OAKLAND, Calif. – Three pitches in, it was obvious Jason Vargas and the Mariners were in for a long day.
In actuality, the two-hour, 19-minute holiday yawner, which the Mariners lost 6-2 to the Oakland Athletics, seemed a whole lot longer. But with Seattle’s offense clunking along at record-low pace, the Monday matinee was effectively done on a first-inning home run by Coco Crisp and a following triple by Daric Barton.
Barton scored moments later and the Mariners never showed signs of getting back into it. And now, with Vargas’ earned-run average and home-run totals shooting up, the inevitable questions about whether he’s wearing down have surfaced again.

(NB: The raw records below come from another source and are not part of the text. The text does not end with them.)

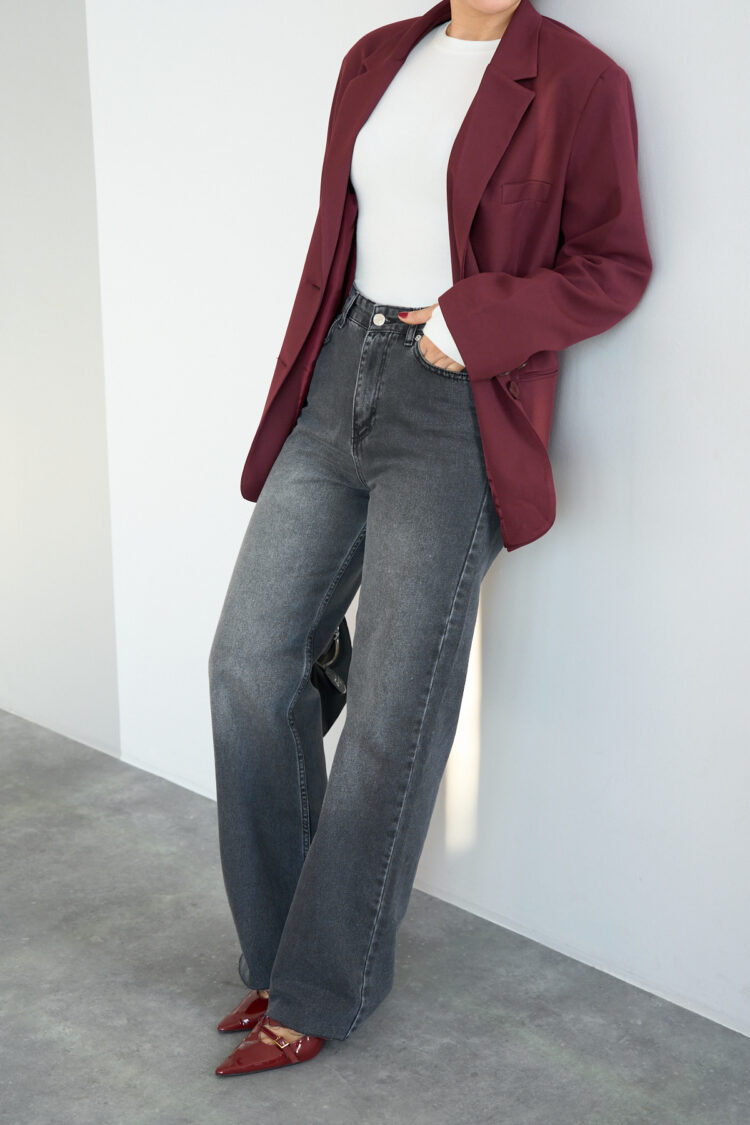 Palazzo Jeans - Smoked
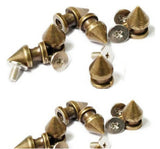 10PCS Metal Screw Back Spots Spikes Studs for Leather Craft Punk Jewelry Making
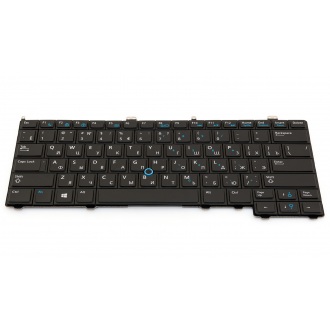 Клавіатура для ноутбука DELL Latitude E7240 E7440 BLACK RU (з пойнтстіком)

“If you go by his career, the number of innings he’s pitched, this is the most he’s been,” manager Daren Brown said. “We know that. That works into the decision today of (limiting him to) 80 pitches. I don’t think he’s as sharp as he has been. And 80 pitches in four innings for a guy that’s a command guy, obviously he’s not getting through easy innings.
“I thought he had to work today to keep it where it was. And it is something we’ll look at.”
Brown backed that up moments later by announcing that the rotation will stay on course after Thursday’s off-day. That means Vargas will pitch Sunday’s road-trip finale in Anaheim on an extra day’s rest.
Franklin Gutierrez hit a solo home run in the seventh with his team down 5-0, but the Mariners’ offense managed just four hits off Brett Anderson for 7 2/3 innings, and one more against the Oakland bullpen. The Mariners have scored three runs or fewer in 11 consecutive games and will match the club record set in 1988 if they do it one more time.
“We’re not finding that big hit,” hitting coach Alonzo Powell said, adding the M’s hit the ball hard early, “but again, we couldn’t get anything going.”
For the record, Vargas threw 81 pitches over 4 1/3 innings in front of an announced crowd of 11,581 at the Coliseum that appeared to be about half that size.
“They hit some balls hard, hit some balls out of the yard. … I guess the rest is history,” said Vargas.